Published online by Cambridge University Press: 05 June 2012
Ambitions and achievements
Montesquieu declared that ‘toward the middle of the reign of Louis XIV’, when France was at the height of its international powers, ‘Muscovy was as yet no better known in Europe than was the Crimea.’ It was certainly little better respected. Though the temptations of international trade lured a succession of peripatetic European diplomatic missions to Moscow during the seventeenth century, Muscovy's place in the international system was scarcely more secure in the 1670s than it had been in the 1570s. If anything, it had become more precarious as medieval ‘Christendom’ fragmented under the impact of the Reformation into ‘Europe’, a secular amalgam of sovereign states. Nor was the question easily resolved: a striking recent survey takes the disputed place of Russia as ‘the cardinal problem’ in Europe's 500-year history.
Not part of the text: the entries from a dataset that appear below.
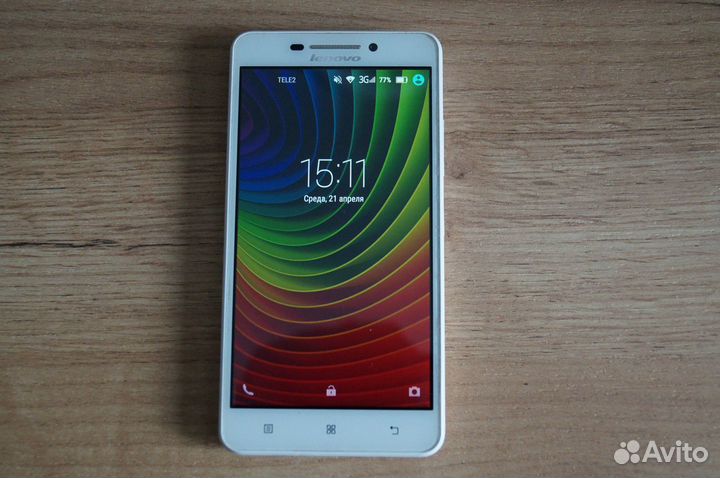 Lenovo A5000, 8 ГБ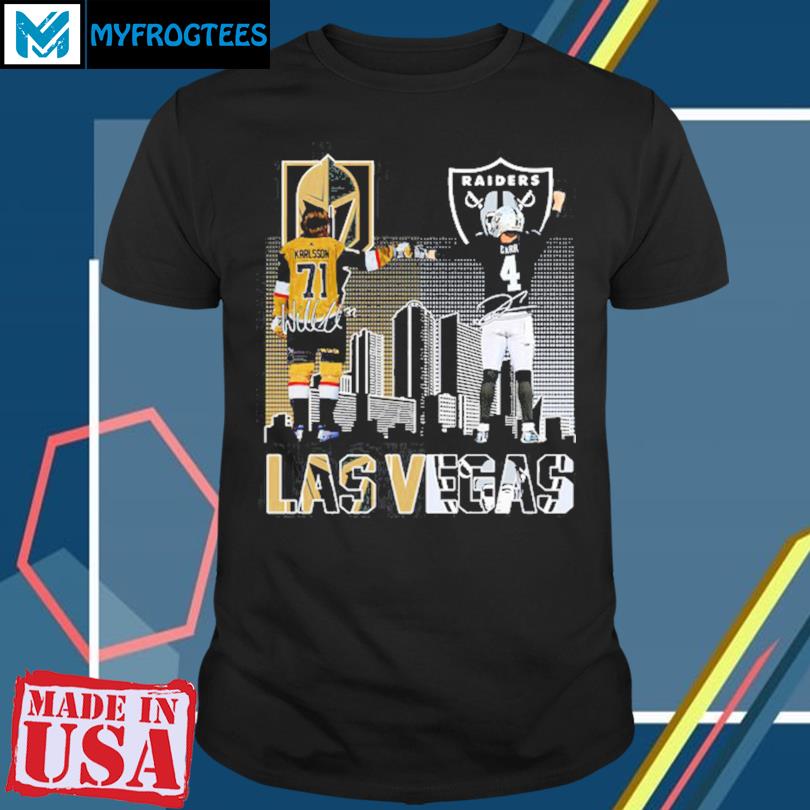 Vegas Golden Knights And Las Vegas Raiders Champion T Shirt, hoodie,  sweater and long sleeve
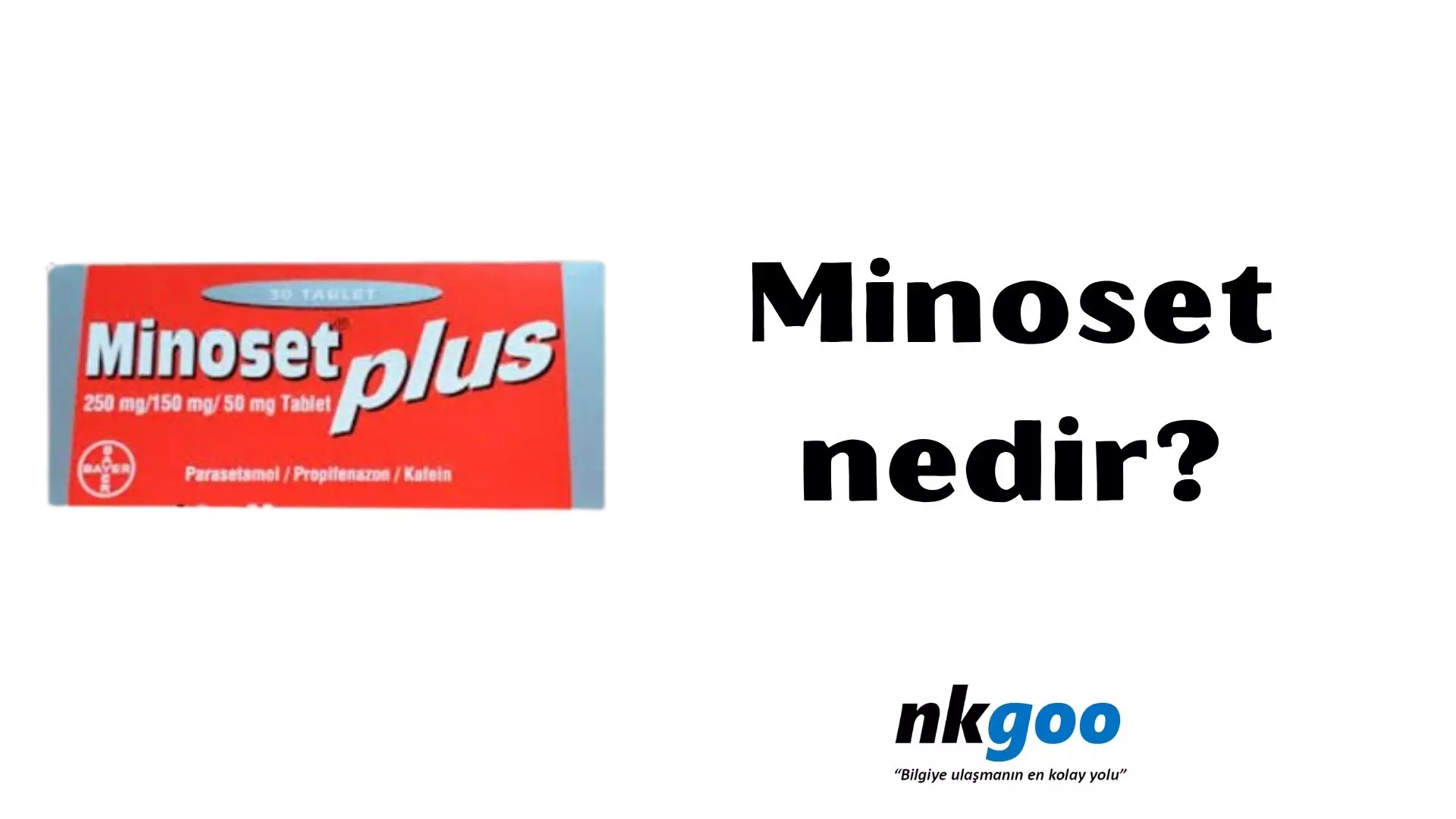 Minoset plus nedir? Minoset plus ne işe yarar?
There was no more convinced enemy of the Ottoman empire than Muscovy, whose Orthodox rulers always reserved a particular distaste for Islam. It was, indeed, an unfulfilled aim of Peter the Great's Grand Embassy in 1697–8 to bolster the Christian alliance formed against Constantinople in 1686. Yet, to Western writers in search of ‘perpetual peace’, Muscovites seemed closer to the infidel Turk than to ‘civilised’ European nations who defined themselves in opposition to a barbarian Oriental ‘other’. In 1647, John Milton acknowledged Muscovy as ‘the most northerly Region of Europe reputed civil’.